ComfyUI is the open-source, node-based diffusion frontend most actively maintained for low-VRAM hardware. Its design loads only the parts of a model that a given node needs, swaps weights to system RAM when memory pressure builds, and gives the user direct control over precision and offload behavior. On a 12GB card, that level of control is the difference between models that "just barely fit" and models that fail with an out-of-memory crash. The project's design and active development are tracked on the ComfyUI GitHub.

The card we are sizing for in this guide is the RTX 3060 12GB. Per TechPowerUp's RTX 3060 specifications, it carries 12 GB of GDDR6 on a 192-bit bus with 360 GB/s of bandwidth and 3,584 CUDA cores.

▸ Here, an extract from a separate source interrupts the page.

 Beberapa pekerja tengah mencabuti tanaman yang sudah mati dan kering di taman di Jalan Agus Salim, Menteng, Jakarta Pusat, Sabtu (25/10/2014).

That bandwidth and VRAM combination is enough for SDXL and quantized Flux without compromise on output quality.

Key takeaways

  • SDXL runs at full quality on a 3060 12GB at 1024x1024 with 14-20 second generations.
  • Flux.1 requires quantization (GGUF Q4_K_S or NF4) or fp8 to fit on 12GB; throughput drops to roughly one image per 60-90 seconds.
  • ComfyUI's --lowvram and --medvram flags determine how aggressively it offloads to system RAM. Use --medvram first; switch to --lowvram only if you OOM.
  • A fast NVMe drive for model storage matters more than people expect — SDXL base, refiner, and Flux are 7-12 GB each and load times dominate UX on a hard drive.
  • The CPU does little once a generation starts; the 5800X-class chip is overkill. Bandwidth is what limits throughput.
  • ControlNet, IP-Adapter, and LoRA stacks add VRAM cost. Plan for 1-2 GB of headroom on top of base model size.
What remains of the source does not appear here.